August 20, 2019

Are you worried about RTI? Do you know what it is?

As from 6th April 2013 all employers will need to tell HMRC every time they pay someone. This is known as Real Time Information (RTI). Whether it is the usual staff getting their monthly pay, or a casual member of staff getting cash for helping you out for a couple of days, the taxman needs to know.

If you run your own payroll, the chances are you are using software to do the calculations. It is likely that it will also file the necessary forms on line for you but it is worth checking.

The logic behind this change is that HMRC will be able to link multiple employments together as they are happening and make sure the correct tax code is being used. This should stop so many employees getting bills sometime 3 years after the tax year in question. The other benefit to the taxman is they know how much you should be sending them each month so, if you don’t pay, they know how much to chase you for!

The emphasis will again be put on the employer to ensure that the employee is entitled to work in the UK. For new employees, HMRC suggest seeing a copy of the passport to confirm name, date of birth and help towards a right to work in the UK. If a potential member of staff does not have a passport, HMRC suggest a birth certificate as an alternative. That is all very well unless the female in question has got married. How do you then match the name to the individual without marriage certificates etc? There are alternative documents that can be produced, but does someone turning up for a day’s work carry these papers about as well as their National Insurance number – they may need to in future.
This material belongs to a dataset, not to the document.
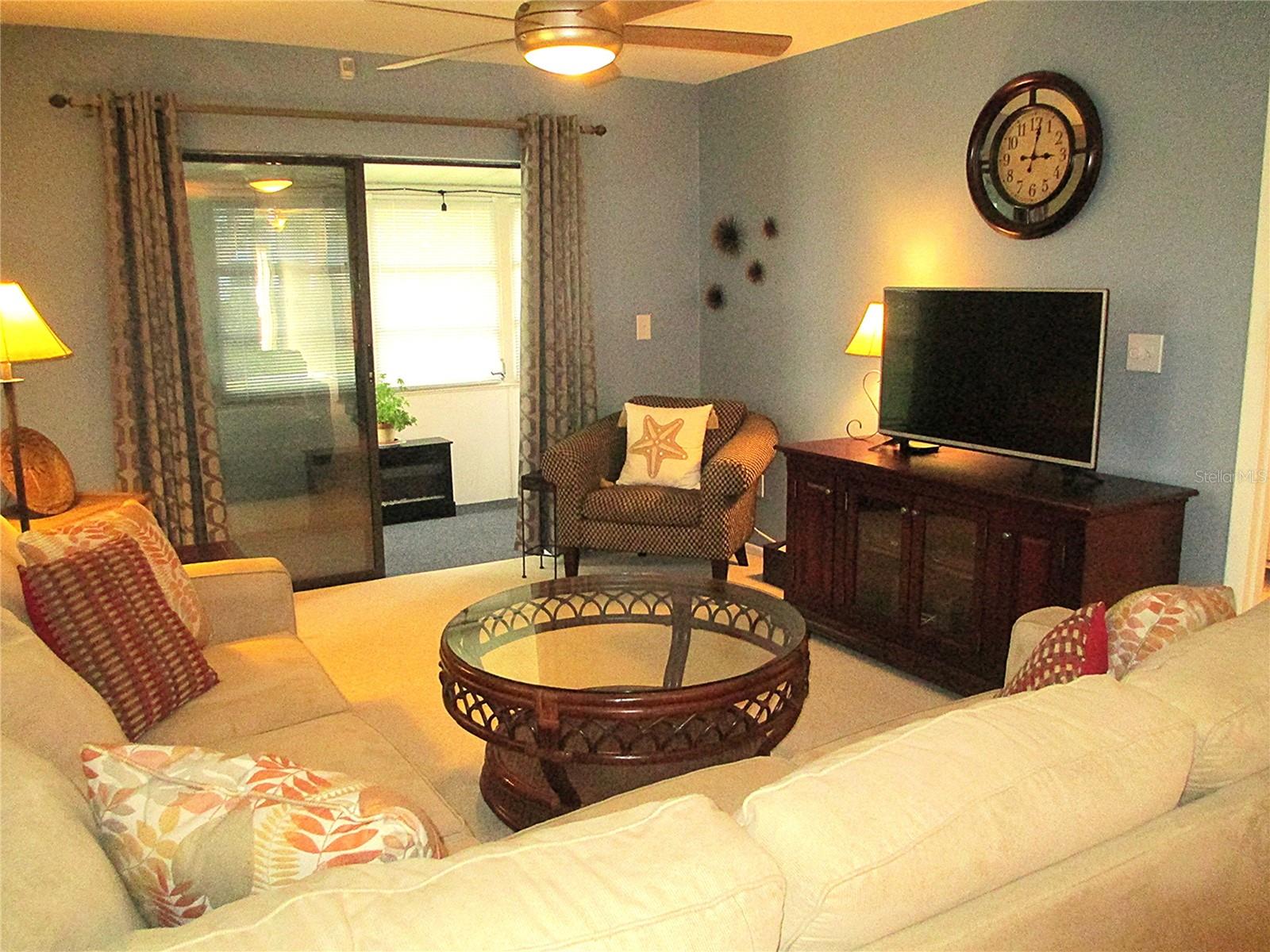 Image 3 of 19 For 5040 Live Oak Circle 93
Once the individual is set up within a payroll system, the operation should be straightforward. It’s a bit like sending HMRC a copy of the payslip each time you work out pay as well as giving one to the employee. If it is a casual worker who gets paid cash at the end of the day, it is up to you to work out the correct figure to pay. In a very few cases such as this one, you can send the copy of the payment details through to HMRC within 7 days of making the payment. Most other cases you need to tell them on or before the date the payment is made.

How many hours do you work ?

As part of the new regime that HMRC are bringing in for payroll know as RTI (Real Time Information) you will need to declare whether each employee does under 16 hours, 16 – 30 or over 30 per week or is an occasional worker. As a business owner, you may well do over 30, but how many do you get paid for?

 

At minimum wage (currently £6.19 per hour) you would need to be taking a salary of £9,657 to meet this hourly rate on 30 hours per week. If you are a director of a company, it may be that your company recognises your efforts by paying you a dividend depending on the profitability of the company. Even if it does not have the cash to pay you at the time, it may reserve the funds by adding it to the amount the company owes you. This is not uncommon. Dividends do not attract National Insurance whereas salary does.

 

So, is this a ploy by HMRC to ensure that company directors are getting a fair wage or will they start chasing those companies that primarily pay their directors by way of dividends on their shareholdings?

 

The good news is there is another box to tick which says the hours are unspecified. As a director you may choose how many or how few you work so this sounds like a more accurate answer.

 

If you employ your children during the school holidays to create PowerPoint slides, help with your web site, proof read the book or reports you have written, they would be counted as ‘occasional’ workers so must go on the payroll, but you don’t have to pay them every month. Remember this is an allowable expense of the business and will reduce the tax bill whether you are a sole trader or a limited company unless – of course – you pay them a huge salary. The minimum wage for under 18s is £3.68 per hour.